Your answer must be the exact lines below, starting with the line with "Fesciory Leather Wrap" and going on through the line with "Tulle mermaid wedding", both included, with no pictures.

_Supplied entries_.

BEGIN

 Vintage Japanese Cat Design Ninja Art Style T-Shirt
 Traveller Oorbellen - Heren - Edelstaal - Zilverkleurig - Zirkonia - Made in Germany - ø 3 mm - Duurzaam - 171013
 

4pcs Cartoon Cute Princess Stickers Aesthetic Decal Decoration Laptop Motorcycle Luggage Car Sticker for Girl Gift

END
BEGIN

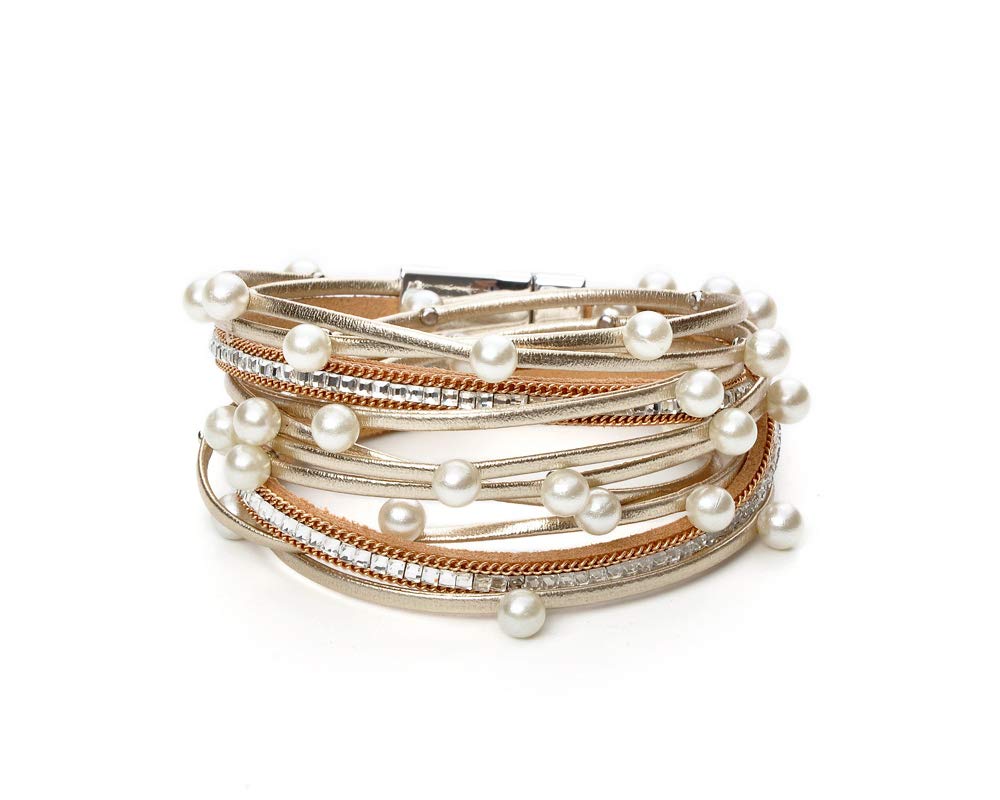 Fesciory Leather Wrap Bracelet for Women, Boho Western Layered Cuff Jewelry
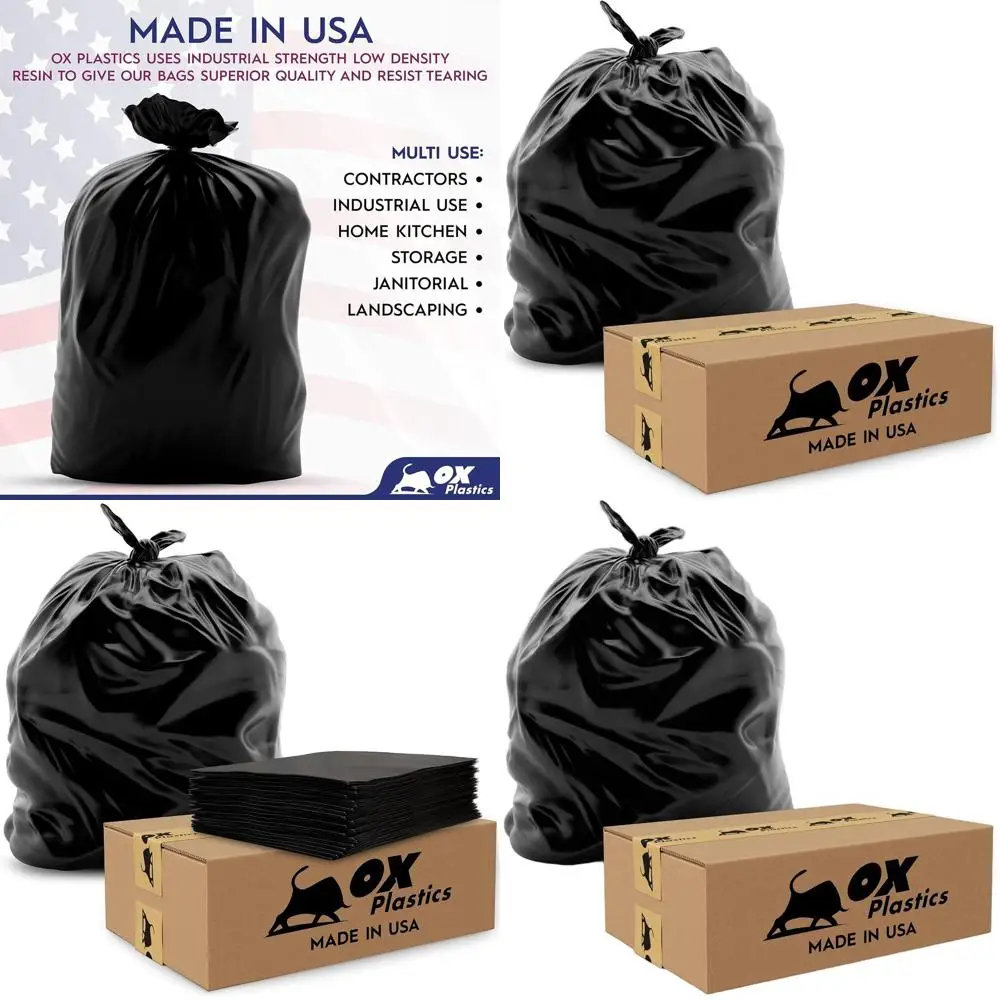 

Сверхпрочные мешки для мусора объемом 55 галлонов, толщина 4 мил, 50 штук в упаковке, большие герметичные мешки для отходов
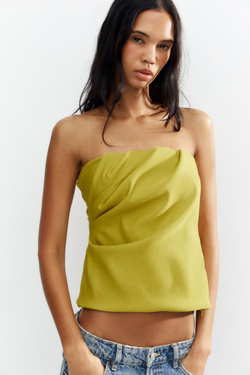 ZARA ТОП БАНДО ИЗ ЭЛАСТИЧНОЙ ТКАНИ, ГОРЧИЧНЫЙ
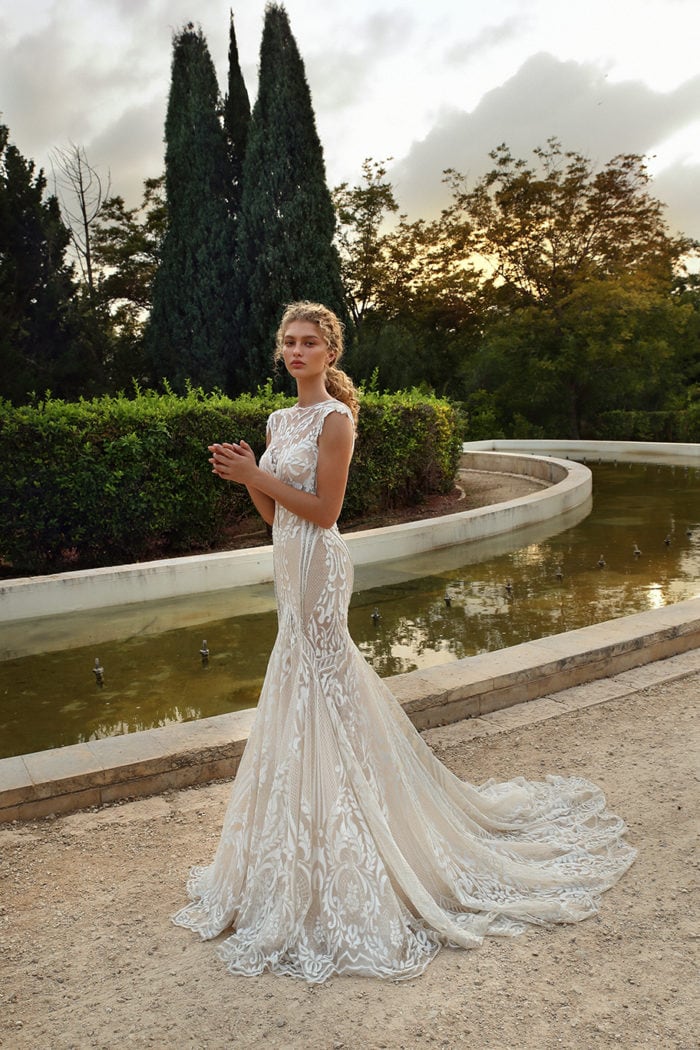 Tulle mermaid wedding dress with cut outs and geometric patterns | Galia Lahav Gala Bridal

END

_Your response_.
 Fesciory Leather Wrap Bracelet for Women, Boho Western Layered Cuff Jewelry

Сверхпрочные мешки для мусора объемом 55 галлонов, толщина 4 мил, 50 штук в упаковке, большие герметичные мешки для отходов
 ZARA ТОП БАНДО ИЗ ЭЛАСТИЧНОЙ ТКАНИ, ГОРЧИЧНЫЙ
 Tulle mermaid wedding dress with cut outs and geometric patterns | Galia Lahav Gala Bridal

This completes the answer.